Напомню, что в мае этого года принцесса была окрещена по православному обряду. Это Остерман в записке 1733 года отмечал особо: девицу необходимо перекрестить в православие «еще прежде зговору, а по последней мере прежде совершения брака». Но дальше этих переговоров брачное дело не пошло, и в этом была личная заслуга Бирона. С самого начала он встретил в штыки идею задуманного Остерманом брака, ибо расценил этот проект как удар против себя. И все это хорошо понимали. Недаром принц Антон Ульрих в сентябре 1735 года в сочувственном письме матери, герцогине Антуанетте Амалии, по поводу смерти своего отца Фердинанда Альбрехта, просил ее походатайствовать за него перед Бироном и Остерманом. По-видимому, мать принца написала Бирону, и тот отвечал, что для него нет более важного дела, чем забота о ее сыне.[33] Цена этих слов, естественно, была весьма невысока. На самом деле для Бирона было бы лучше, если бы вообще никакого брака не заключили, а Анна Леопольдовна состарилась в девках. Из дела казненного в 1740 году по наветам Бирона кабинет-министра Артемия Волынского видно, что как только временщик узнал о частых визитах Волынского к принцессе Анне Леопольдовне, то его гневу против дерзкого сановника не было предела. Кабинет-секретарь Иван Эйхлер, хорошо знавший придворную конъюнктуру, предупреждал своего друга Волынского: «Не веди себя близко к Анне Леопольдовне и не ходи часто. Мне кажется, что там от его светлости есть на тебя за то суспиция, ты нрав его знаешь». Но Волынский не унимался, шел поперек воли Бирона, за что вскоре и потерял голову.

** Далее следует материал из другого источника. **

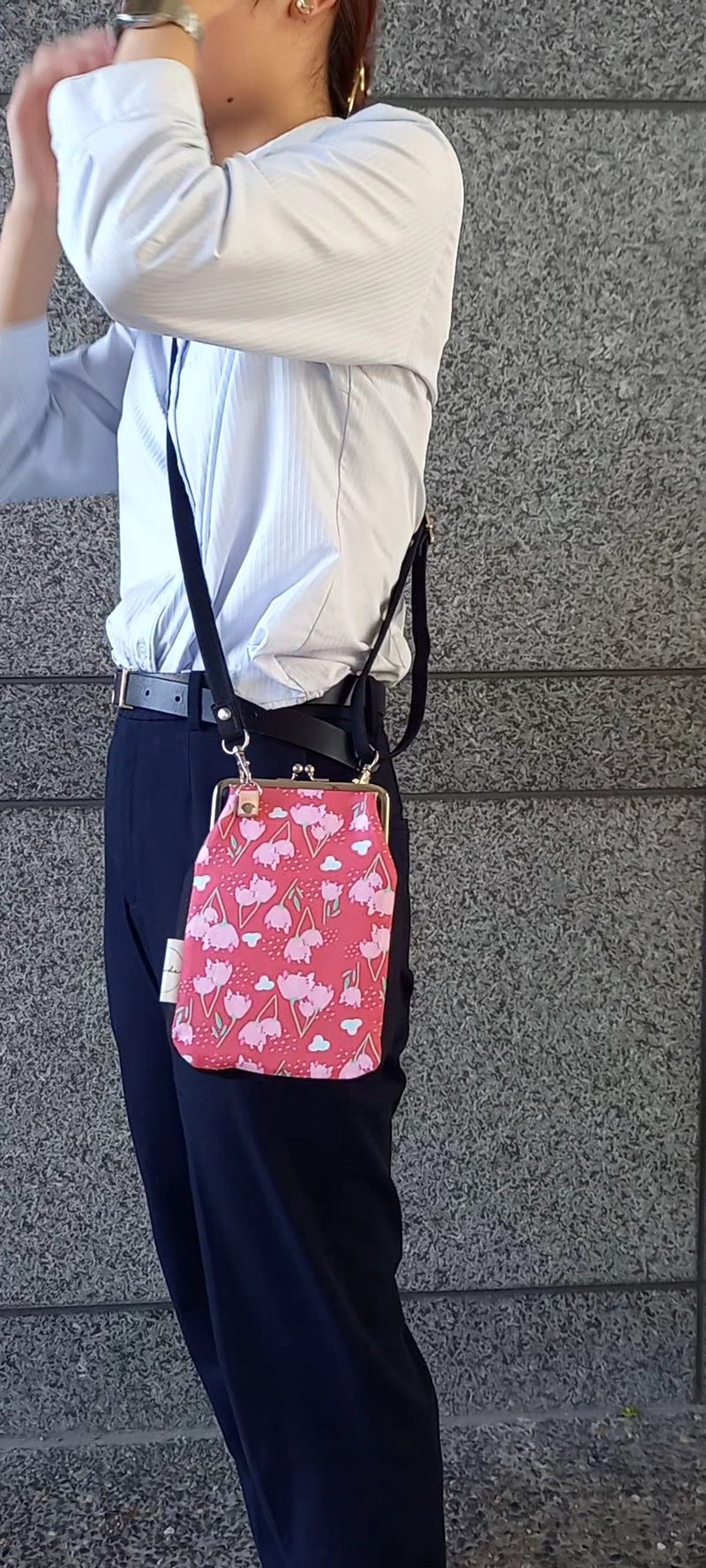 momode 智慧型手机小袋 - 侧背包/斜挎包 - 棉．麻 黄色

Что же касается Остермана, который поначалу столь деятельно взялся за брачное дело принца, а потом вдруг остыл к нему, то не может быть никаких сомнений в истинных причинах охватившего вице-канцлера равнодушия к брауншвейгскому жениху. Остерман, весьма чуткий – как флюгер – к настроениям Бирона, умыл руки и несколько лет тянул резину, кормя пустыми обещаниями брауншвейгских дипломатов, которые настойчиво и постоянно напоминали вице-канцлеру о договоренностях Левенвольде с герцогом Брауншвейгским, о прерванных переговорах в Петербурге и пр.[34]
Как же в действительности смотрела на это дело сама императрица? Возможно, что ей было жалко выдавать племянницу за человека, ей не симпатичного, а по общему мнению, еще и неразвитого и слабого. Наверняка императрица вспоминала, как некогда, в 1710 году, ее, семнадцатилетнюю девушку, Петр Великий выдал, не спрашивая согласия, за герцога Курляндии Фридриха Вильгельма – такого же, как Антон Ульрих, несмышленыша, который через месяц после свадьбы умер (как утверждали злые языки, с перепою), и вся судьба юной вдовы Анны Иоанновны оказалась исковерканной чужой могучей волей. Следует отметить, что Анна Леопольдовна и императрица были родными, близкими друг другу людьми. Этому много свидетельств. При всей незатейливости натуры Анны Иоанновны, присущей ей грубости, в ней жили и чувства высокие, порывы щедрые и благородные, особенно когда дело касалось устройства благополучия бедных людей, обиженных жизнью сирот. Выступать в роли свахи, подбирать пары и устраивать их счастье (кто же будет возражать такой свахе!) было ее страстью. Некоторые из таких бедных пар, по воле Анны Иоанновны, праздновали свадьбу в царском дворце. Как известно, императрица, сама лишенная семейного счастья, лепилась к семье своего фаворита Бирона. Одновременно она выступала как несокрушимый оплот нравственности своих подданных и сурово наказывала нарушителей общепринятой морали.